Eric Strom
Eric Strom

Reputation: 40152

How do I concatenate arrays of aliases in Perl?

How do you concatenate arrays of aliases in Perl such that the resulting array also contains aliases?

The solution that I came up with is:

my ($x, $y, $z) = 1 .. 3;

my $a1 = sub {\@_}->($x);

my $a2 = sub {\@_}->($y, $z);

my $a3 = sub {\@_}->(@$a1, @$a2);

say "@$a3";  # 1 2 3

$_++ for $x, $y, $z;

say "@$a3";  # 2 3 4

What I am not crazy about is that to create $a3 I have to completely unpack $a1 and $a2. For short arrays this isn't a problem, but as the data grows larger, it means that all array operations on aliased arrays are O(n), including traditionally O(1) operations like push or unshift.

Data::Alias could help, but it doesn't work with the latest versions of Perl.
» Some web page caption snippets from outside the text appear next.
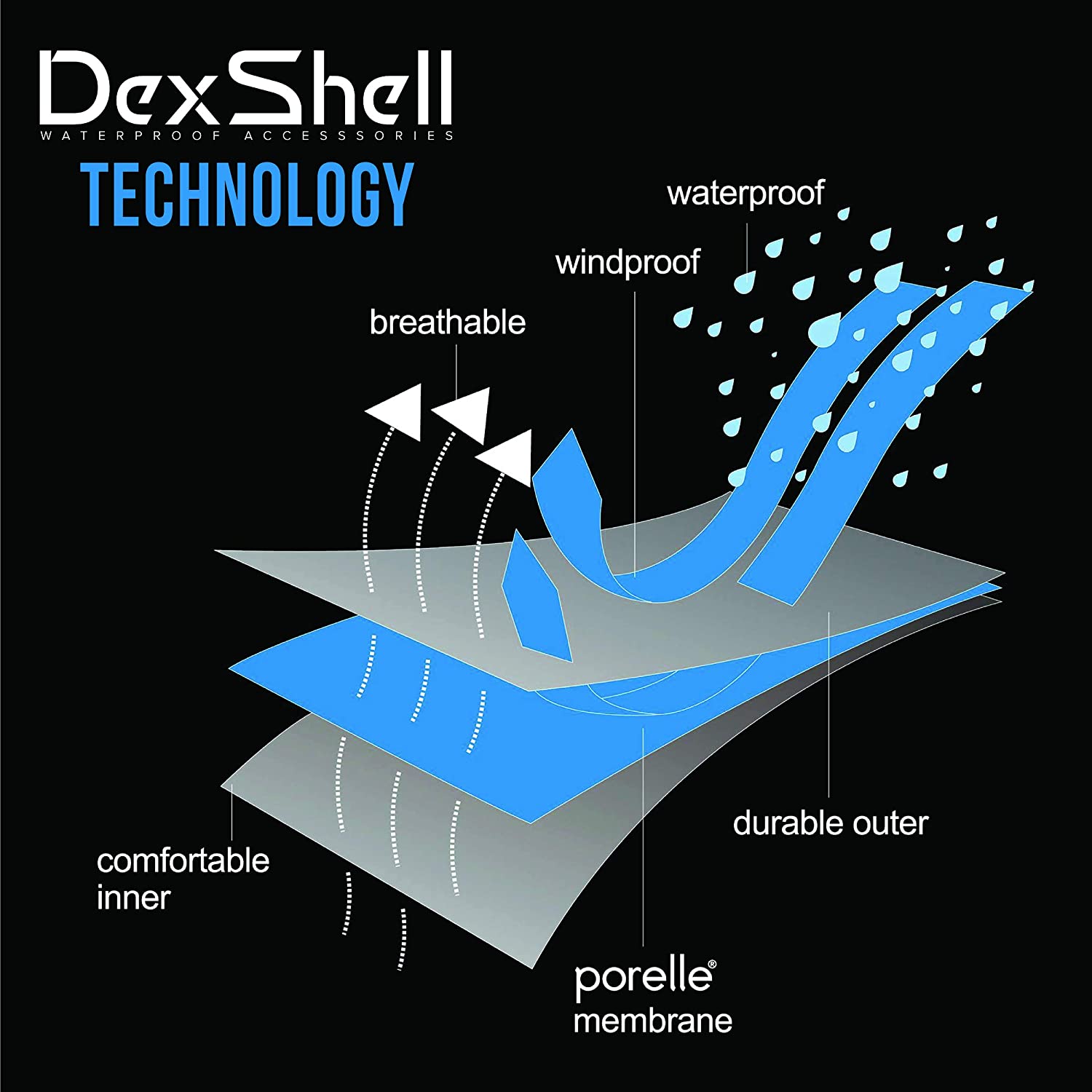 DEXSHELL Ultra Light Thin Crew Socks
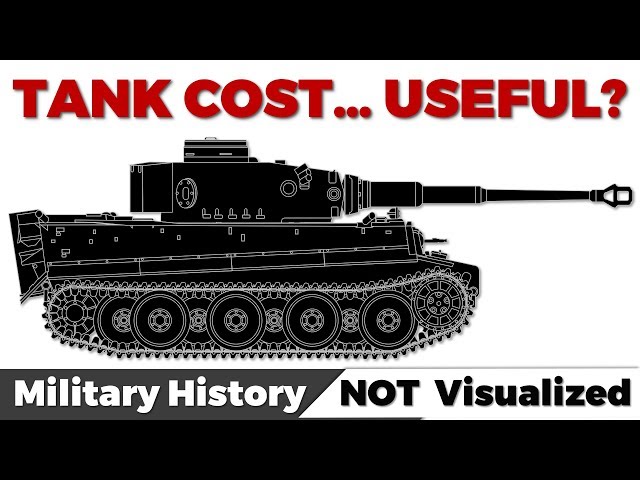 Tank Production Cost a meaningful Factor for Comparison?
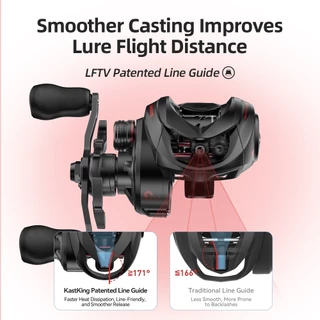 KastKing Valiant Eagle II เหยื่อระบบ Finesse Baitcasting Reel 5KG ลากสูงสุด 7.5:1 รอกตกปลาความเร็วสูงสําหรับ Bass Pike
Array::RefElem contains wrappers around the api primitives av_store and av_push which can be used to implement this functionality. So something like this could work:

sub alias_push (\@@) {
    if (eval {require Array::RefElem}) {
       &Array::RefElem::av_push($_[0], $_) for @_[1 .. $#_]
    } else {
       $_[0] = sub {\@_}->(@{$_[0]}, @_[1 .. $#_])
    }
}

I am interested to know if there are any other ways. Particularly if there are any other ways using only the core modules.

Upvotes: 6

Views: 269

Answers (1)

brian d foy
brian d foy

Reputation: 132896

Is this one of the cases where you might want a linked list in Perl? Steve Lembark has a talk about the various cases where people should reconsider rolling and unrolling arrays.

I'm curious why you have to do things this way though. Not that I suspect anything odd; I'm just curious about the problem.